• _Brief_:
Exactly as written, please repeat the data that follows, but not the pictures.

• _Supplied data_:

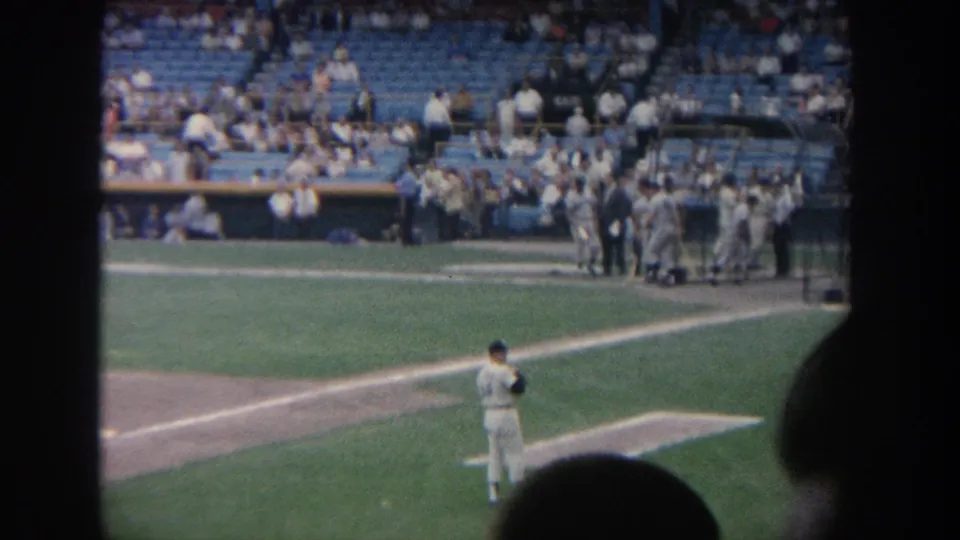 The camera sweep settles on the field, showing a pitcher in white, players near the dugout, spectators, blue seats, and the stadium scoreboard.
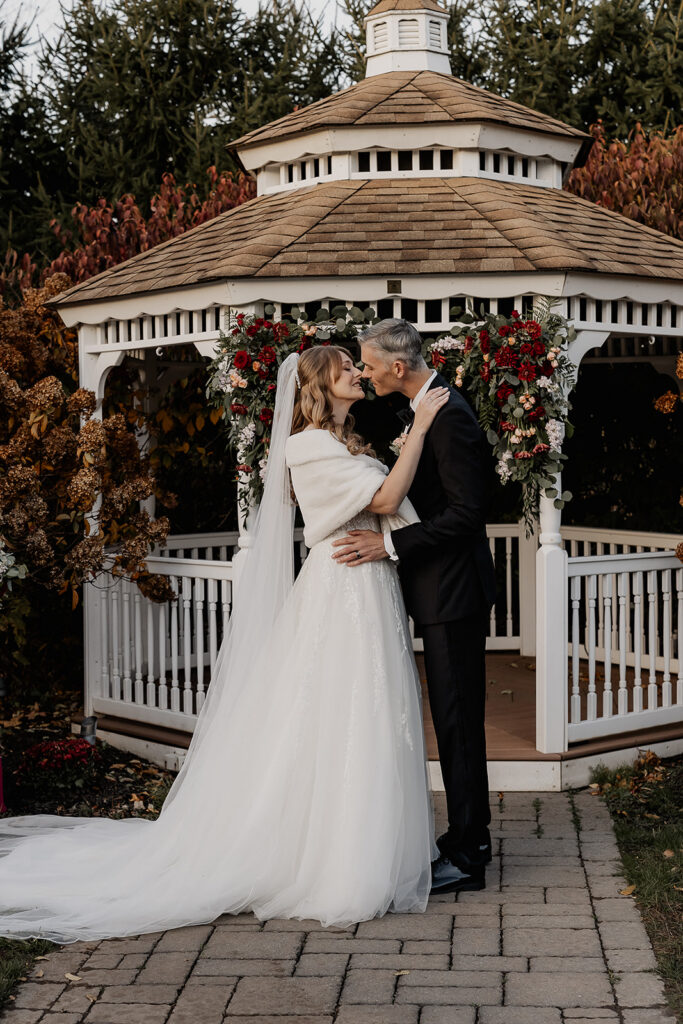 Bride and groom kissing at end of ceremony at gazebo at The Farmhouse wedding venue in Hampton, NJ.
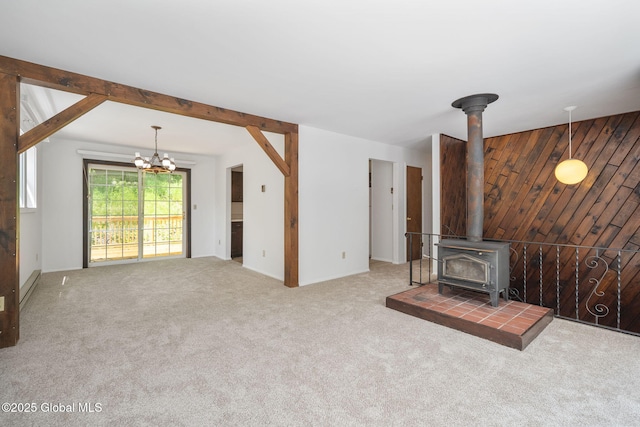 257 Lake Rd, Cobleskill, NY 12043 - unfurnished living room with a wood stove, a chandelier, and carpet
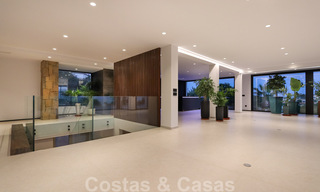 Move in ready, renovated contemporary beachside villa with panoramic sea views for sale in East Marbella 32794 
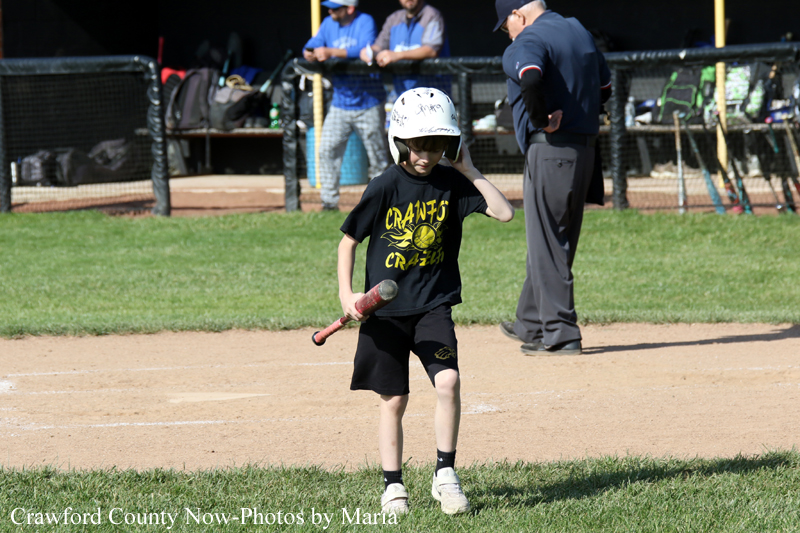 Young child in a helmet holding a bat on a baseball/softball field, about to swing during a game.
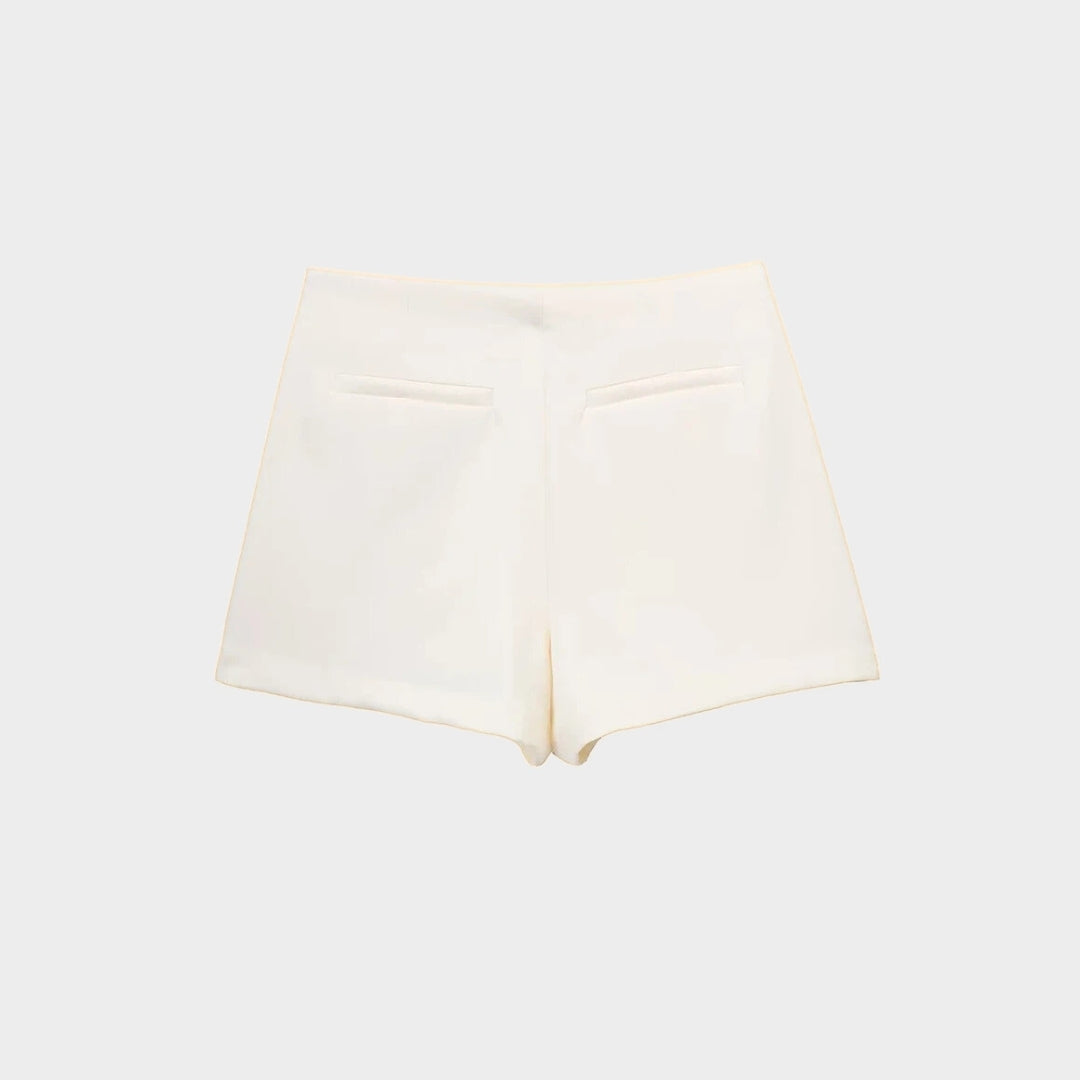 Asymmetrisk miniskort med omlott design och hög midja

• _Exercise solution_:
 The camera sweep settles on the field, showing a pitcher in white, players near the dugout, spectators, blue seats, and the stadium scoreboard.
 Bride and groom kissing at end of ceremony at gazebo at The Farmhouse wedding venue in Hampton, NJ.
 257 Lake Rd, Cobleskill, NY 12043 - unfurnished living room with a wood stove, a chandelier, and carpet
 Move in ready, renovated contemporary beachside villa with panoramic sea views for sale in East Marbella 32794 
 Young child in a helmet holding a bat on a baseball/softball field, about to swing during a game.
 Asymmetrisk miniskort med omlott design och hög midja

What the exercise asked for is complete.